La cadena narrativa, por su parte, hace circular dos imágenes que retornan como ominosos heraldos: el reloj y el medallón con el retrato de Currita. El primero indica la hora del duelo pero también la espera infructuosa de los invitados, y el segundo otorga la muerte a sus poseedores (Juan primero y el propio Jacobo después), regresando a la mujer como significante del triste fin de su propio hijo. Por último, la metáfora exenta, pura reflexión textual ligada al punto de vista del cineasta (que es el del espectador o el de dios), genera instantes de intensidad privilegiada, sea como escolio moral (Jacobo enterrando el retrato de su esposa bajo los billetes de banco) sea como anticipación del desastre: el fuego y el agua fundidos en una única imagen de dimensión cósmica, ambiciosa charnela entre secuencias que condensa la integridad temática. De modo análogo, la partitura de Juan Quintero, de suntuosidad sinfónico-coral, hace dialogar dos grupos de motivos que brotan de una célula única y cuyos desarrollos se aplican a situaciones emblemáticas y no a personajes concretos.

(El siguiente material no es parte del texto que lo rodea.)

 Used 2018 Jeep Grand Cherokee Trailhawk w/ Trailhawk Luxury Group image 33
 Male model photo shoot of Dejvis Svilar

El film obtuvo la calificación de interés nacional, pero sólo en segunda votación y por mayoría simple, pues algún miembro de la junta de censura desaprobó la adaptación de la novela, opinión compartida por sectores de la prensa integrista pese al general coro de aclamaciones. Así, Manuel Iribarren, en Arriba España deplora que se pretenda hacer pasar por aristócratas a zafios horteras con chaqué y a divertidas comadres de barrio, mientras las únicas damas de porte señoril que desfilan ante nuestros ojos son unas mujeres del pueblo. No cabe hacer mejor elogio.